Personally, waving them away and then totally ignoring them worked best for me.

What do you guys do? Particularity the Americans / Canadians as this must be a big cultural different from your very friendly home land!

It's important to understand that it's not a cultural thing. It is something that happens every time a country with extensive poverty receives huge numbers of (comparably) rich foreign tourists spending exorbitant amounts of money for local standards.

I was really annoyed by all the hawking and harrassment in China (big cities, mostly), but I had exactly the same experience in rural Turkey, Morocco and Thailand. Once you understand that your camera is worth more than their family spends in a year, you stop being offended by it.

This doesn't mean that you should buy stuff you don't want, or that you aren't being ripped off. Completely ignoring them works best in my experience, but it's a hassle you will have to get used to, as long there are such extreme differences in life standards.

  • Like 1
Link to comment
Share on other sites

Generally with a Chinese friend there is an understanding that the Chinese friend is your host and sellers/solicitors are not supposed to disturb you.

You're lucky.

Typically there is an understanding that my girlfriend is my local translator or tourist guide and that she can be coerced into tricking the stupid foreigner in exchange for a cut. Then they all focus on her with even more vigour.

THAT annoys me much more.

  • Like 1
Link to comment
Share on other sites

I found the same thing pretty annoying in India, but my friends who were both in India and China told me "You'll love China. People actually understand when you don't want to buy stuff. You don't have to yell" so I figure it can't be that bad (I hope...) :wink:

Typically there is an understanding that my girlfriend is my local translator or tourist guide and that she can be coerced into tricking the stupid foreigner in exchange for a cut. Then they all focus on her with even more vigour.

Gosh :roll: And is there anything you can do to clear up the situation? Talk in Chinese or something like that?

Link to comment
Share on other sites

Gosh :roll: And is there anything you can do to clear up the situation? Talk in Chinese or something like that?

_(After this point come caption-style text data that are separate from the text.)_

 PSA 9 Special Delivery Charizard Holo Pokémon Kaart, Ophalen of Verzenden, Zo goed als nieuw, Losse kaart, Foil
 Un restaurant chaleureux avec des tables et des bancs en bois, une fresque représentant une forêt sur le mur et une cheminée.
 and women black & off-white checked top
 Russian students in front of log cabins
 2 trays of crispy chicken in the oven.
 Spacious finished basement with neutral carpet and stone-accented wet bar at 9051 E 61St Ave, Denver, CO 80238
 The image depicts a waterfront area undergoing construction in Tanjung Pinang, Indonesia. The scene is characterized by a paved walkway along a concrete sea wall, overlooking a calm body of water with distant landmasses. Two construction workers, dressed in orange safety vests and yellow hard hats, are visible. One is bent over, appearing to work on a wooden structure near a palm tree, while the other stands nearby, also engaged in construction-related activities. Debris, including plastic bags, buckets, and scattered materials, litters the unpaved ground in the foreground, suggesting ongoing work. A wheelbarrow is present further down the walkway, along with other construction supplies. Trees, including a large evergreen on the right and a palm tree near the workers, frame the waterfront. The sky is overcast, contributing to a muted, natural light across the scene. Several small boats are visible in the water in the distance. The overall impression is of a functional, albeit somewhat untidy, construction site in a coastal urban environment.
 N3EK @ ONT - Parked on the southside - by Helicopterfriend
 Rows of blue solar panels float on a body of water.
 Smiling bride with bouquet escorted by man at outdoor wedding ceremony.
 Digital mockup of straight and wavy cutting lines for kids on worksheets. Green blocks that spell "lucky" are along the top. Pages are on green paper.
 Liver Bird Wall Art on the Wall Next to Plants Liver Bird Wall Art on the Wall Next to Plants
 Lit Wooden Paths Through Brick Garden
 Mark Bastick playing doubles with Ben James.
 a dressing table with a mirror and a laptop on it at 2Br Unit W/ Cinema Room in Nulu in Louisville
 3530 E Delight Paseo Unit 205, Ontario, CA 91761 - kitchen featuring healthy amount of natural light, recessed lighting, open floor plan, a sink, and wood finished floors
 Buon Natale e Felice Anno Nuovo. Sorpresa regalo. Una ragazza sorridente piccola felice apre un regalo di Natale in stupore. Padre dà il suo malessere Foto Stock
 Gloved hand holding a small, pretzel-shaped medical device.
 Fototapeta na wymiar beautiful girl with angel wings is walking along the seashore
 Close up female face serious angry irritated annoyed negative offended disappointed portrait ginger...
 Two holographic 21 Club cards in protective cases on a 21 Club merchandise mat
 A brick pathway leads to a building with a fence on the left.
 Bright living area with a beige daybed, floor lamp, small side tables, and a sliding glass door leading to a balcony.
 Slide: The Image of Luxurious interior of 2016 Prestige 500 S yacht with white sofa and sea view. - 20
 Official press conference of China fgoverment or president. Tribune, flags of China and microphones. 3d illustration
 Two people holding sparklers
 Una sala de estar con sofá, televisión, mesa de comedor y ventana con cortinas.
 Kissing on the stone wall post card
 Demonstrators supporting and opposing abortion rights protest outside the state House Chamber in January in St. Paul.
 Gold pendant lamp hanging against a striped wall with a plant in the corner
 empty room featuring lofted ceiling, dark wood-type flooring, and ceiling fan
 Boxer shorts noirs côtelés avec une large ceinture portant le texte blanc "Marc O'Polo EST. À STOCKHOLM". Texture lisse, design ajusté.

It really depends. If you're in a tourist area, you walk away, and they will usually jump on the next tourist, who will hopefully be more cooperative. Of course, the next hawker will jump on you immediately, so the best thing to do is to go there, see the sights, take your photos, and then get out of there. Engaging in a friendly conversation just encourages them, because they feel that they are "making a connection".

But this one time in Luoyang, an old guy got on our backs as soon as we got out of the train and was trying to drag us to a hotel. Even after we explained that we had already paid for one. It took us about 45 minutes to figure out where we are, where we needed to go, to queue for the tickets, and to get to a taxi. He didn't give up during these 45 minutes. He kept circling around me in order to get to my girlfriend and talk to her, and I kept trying to position myself between them. I really felt sorry for my girlfriend, who was trying to get rid of him in the polite, harmonious Chinese way, which only made her a better target than me, who ignored him and pretended not to understand. Losing your temper in such a situation will not help you at all, you will just look like an aggressive foreigner. There's no way out of it, it's hell.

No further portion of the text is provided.